Many Live Events in EverQuest II scale the quests and monsters to the player's level. This way they can offer quests that anyone can play, regardless of level. One problem with this approach: all monsters have to be first triggered by a player, so the game knows what level to create the monster.
What if instead of scaling the monster to the player's level, we had a certain class of monsters where the damage you deal was scaled up or down to match the monsters nominal level. The monster would also deal damage in a manner that scaled to the player's level. (Out-of-group player-to-player healing would still be a problem, so perhaps the game would lock all such encounters.) This way it wouldn't matter what level you are.
The player's level itself shouldn't scale, so their relationship with the surrounding zone would be unchanged.
This could open up a whole new set of scenarios. Imagine a huge lag inducing gnoll army starts to march on Qeynos. The entire server can join in on the fight without worrying about level 80s trivializing the fight by rounding up the entire zone and AOEing them. Low level players can even join in. And the monsters can roam around and aggro using normal game mechanics without having to be "force spawned" first.
This would be a neat way to provide story-based content that the entire server can enjoy and play together, without excluding people based on level. Because existing content continues to have level, the sense of progression that the leveling mechanic confers is not eliminated.

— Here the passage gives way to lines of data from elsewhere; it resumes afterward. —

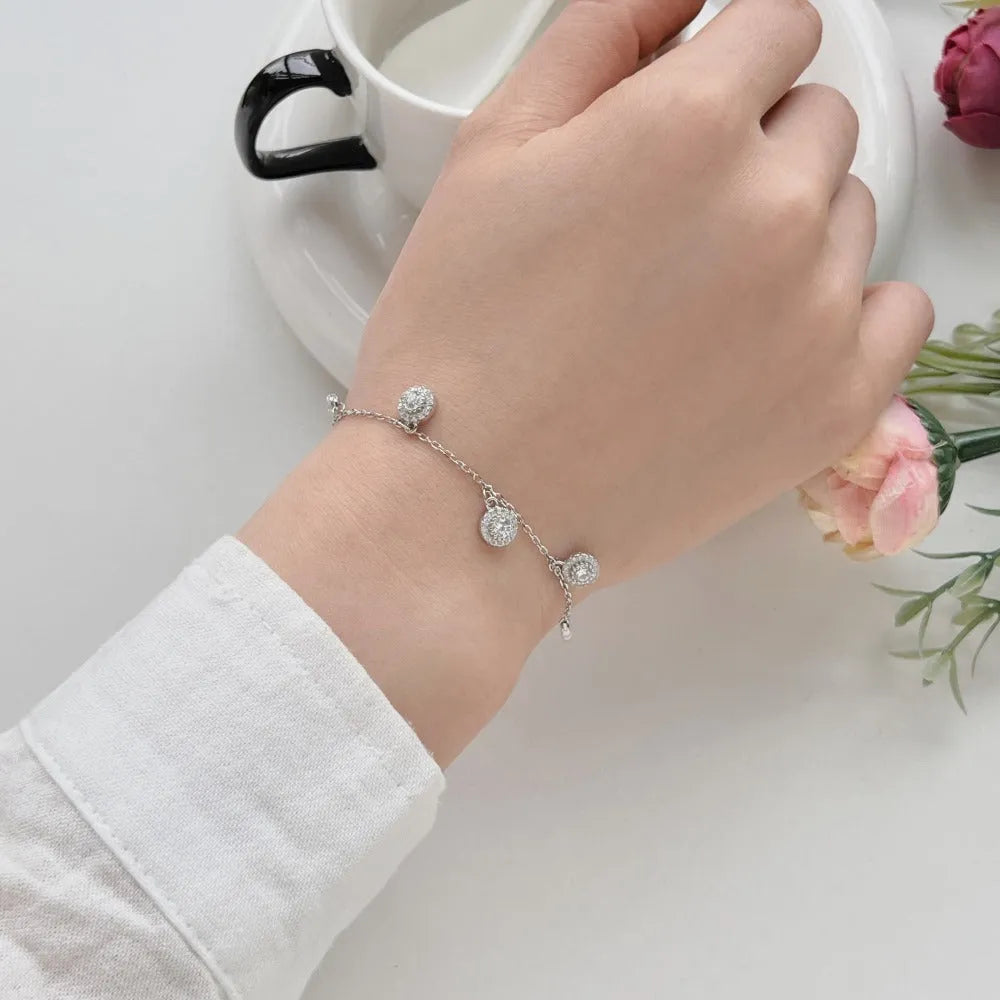 S925 sterling silver infinite symbol anklet with cubic zirconia in glossy finish gold colour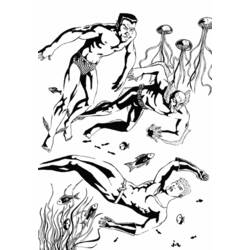 Dessin à colorier: Aquaman (Super-héros) #85015 - Coloriages à imprimer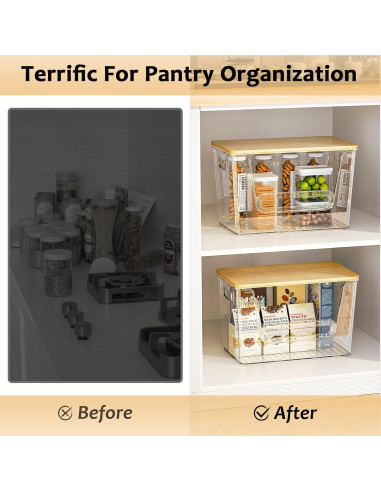 Organizadores de Alacena Delamu 2 Set Transparente 28.5x17.8 cm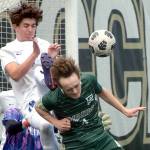 KEITH THORPE/PENINSULA DAILY NEWS
Port Angeles' Grant Butterworth, front, tries to steer an incoming corner kick as Olympic's Jackson Wyall and goalkeeper Mariano Pena defend the net during Saturday's playoff game at Peninsula College.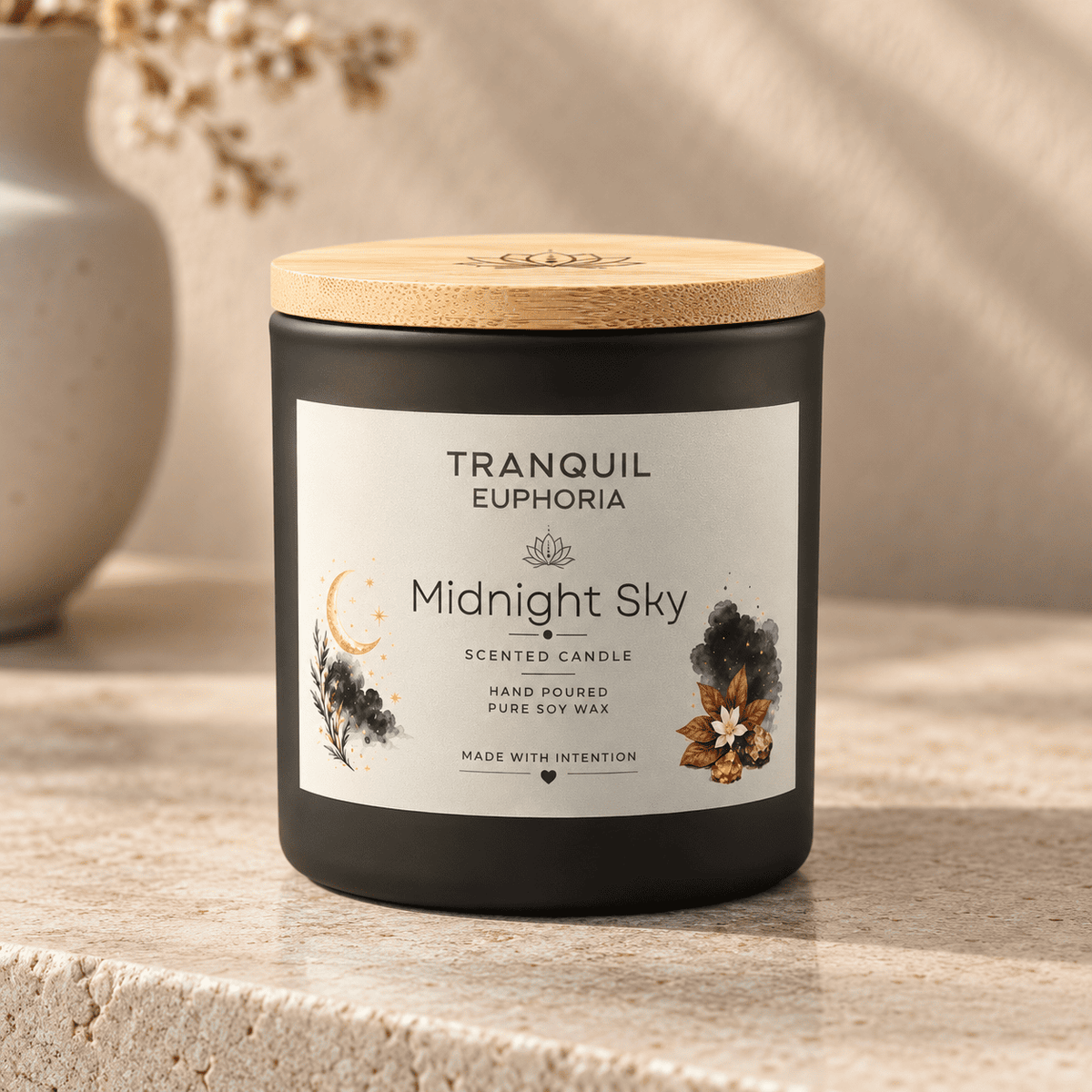 Midnight Sky soy wax candle with a bamboo lid in a black glass vessel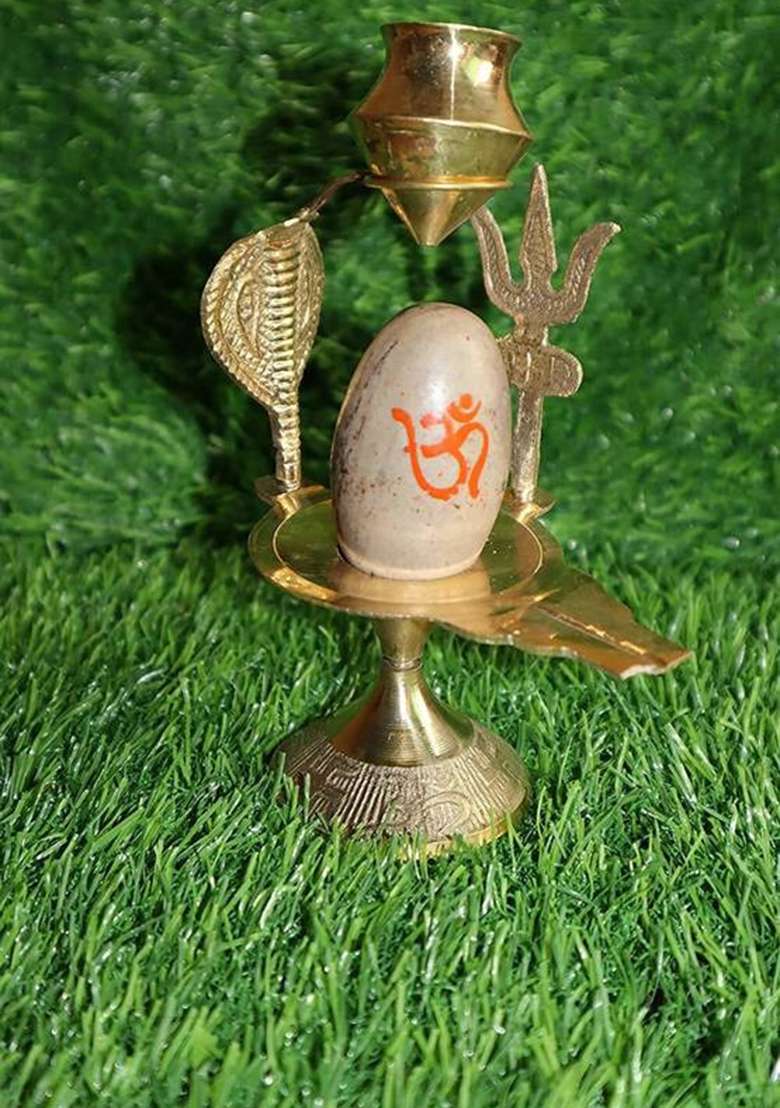 Elitetouch Shiv Shiva Ling Statue Of BrassShivling Kalash Stand Decorative Showpiece - 9 Cm(Metal Gold) - Indya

Would such a system be workable?
Final Fantasy XI had something quite like I envisioned several years back when they unleashed the Twinkling Treants upon us. However, instead of scaling damage, they forced players to mentor down to a specific level in order to fight it. This allowed everyone to participate, but it did have the drawback that you had to explicitly look for a guard to grant you the buff you needed to fight the monster first, instead of simply joining in while running by (which would be more immersive and make it more likely for the event to gather participants.)